However it’s not too late quite yet; but we need to act quickly to bring Nature back into balance and the ways so to do are set out in the Terra Carta. Herein seven ‘WE WILL’ intentions are stated. It’s no good though if they stay as intentions; actions are crucial and as the banner held by one of the young people on the final spread says, IT’S UP TO US! Young people from all over the world have been at the forefront of the movement to put Nature first but it’s up to adult individuals, businesses, politicians and governments everywhere to recognise the urgency of the situation and take decisive action, NOW!

With its dedication to life-long activist and pacifist Satish Kumar, this is a timely, must have (sustainably printed) book for families, school classrooms and libraries as well as delegates to COP26.

Microbe Wars

Microbe Wars
Gill Arbuthnott and Marianna Madriz
Templar Publishing

Despite this book not being a response to the COVID-19 pandemic, as well as changing our lives considerably, said pandemic seems to have spawned a number of books for children on the topic of microbes.

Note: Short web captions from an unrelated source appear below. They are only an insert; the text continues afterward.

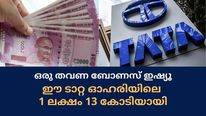 ക്ഷമയില്‍ കാര്യമുണ്ട്! ഒറ്റ ബോണസ് ഓഹരി; ഈ ടാറ്റ മള്‍ട്ടിബാഗറിലെ 1 ലക്ഷം 13 കോടിയായി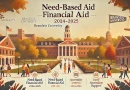 Brandeis University's Need-Based Financial Aid blog post. The image should feature a scenic view of Brandeis University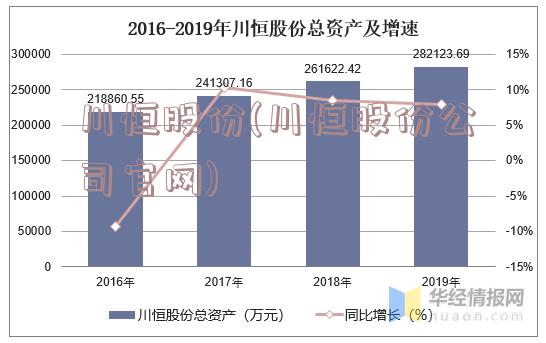 川恒股份(川恒股份公司官网)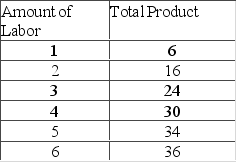 Assume that the only variable resource used to produce output is labor.   Refer to the provided table. Diminishing marginal returns set in with the addition of the A)  first unit of labor. B)  second unit of labor. C)  third unit of labor. D)  fourth unit of labor.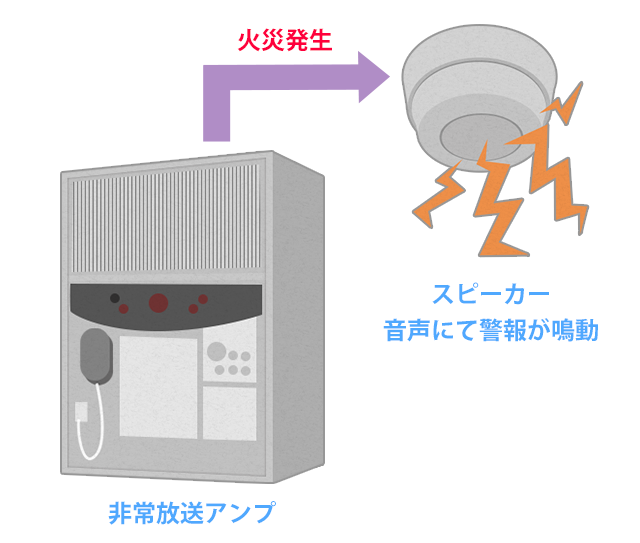 非常放送設備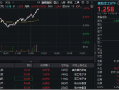 利好来袭，商业航天概念再冲高！四川九洲斩获三连板，国防军工ETF（512810）快速拉涨逾1.5%！，商业航天热潮再起，四川九洲三连板，国防军工ETF大涨逾1.5%！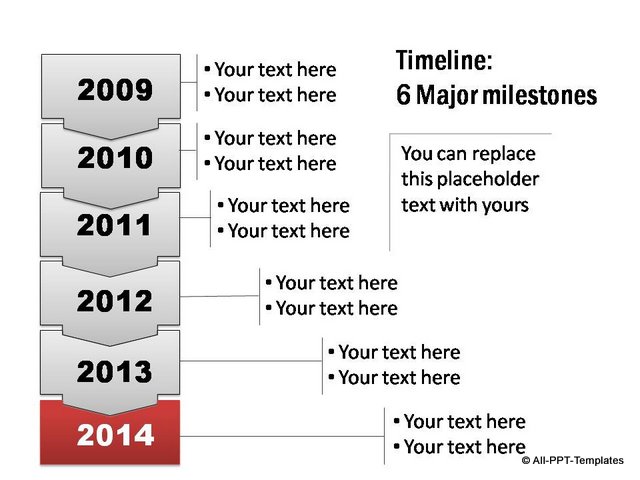 Chart showing 6 Major milestone with latest highlighted.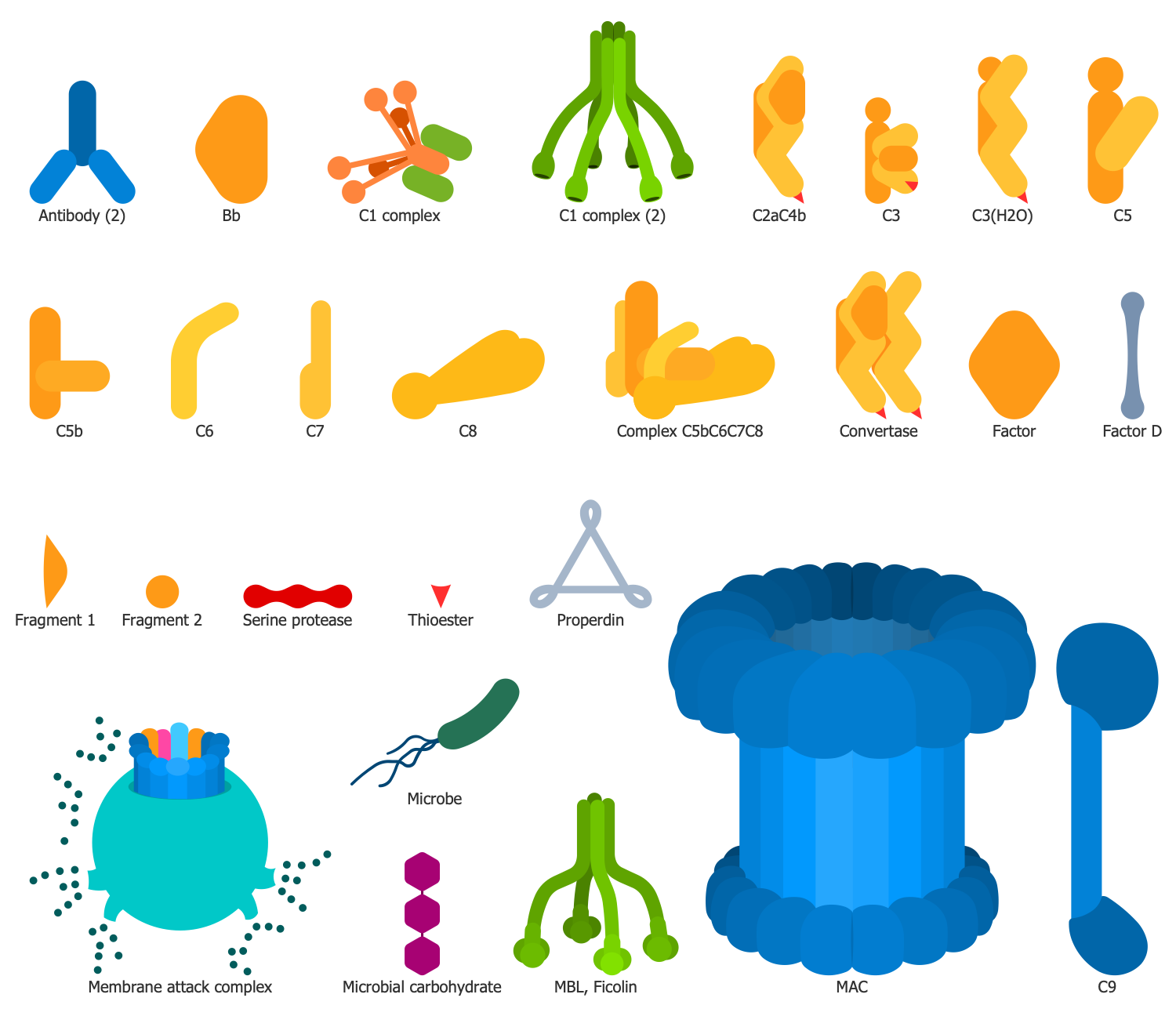 Design Elements — Complement System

But we humans have waged war on these micro organisms – only visible by means of an electron microscope – for thousands of years as they’re responsible for the spreading of the most deadly diseases in history. However it’s not only humans that fight microbes, sometimes it’s a case of microbes versus microbes, or humans fighting each other with microbes. Did you know that there are around a trillion microbe species in all, many of which are as yet unknown?

After a couple of introductory spreads mentioning some of the microbes from Protozoa to the bird flu virus, there’s a double page on the Black Death aka the plague, 

followed by another with information about several other diseases caused by microbes: Spanish flu, malaria and smallpox – it’s possible that Pharaoh Rameses V died of smallpox, a disease which happily, thanks to Edward Jenner’s vaccination, and the determination of the WHO, has since 1980, been exterminated.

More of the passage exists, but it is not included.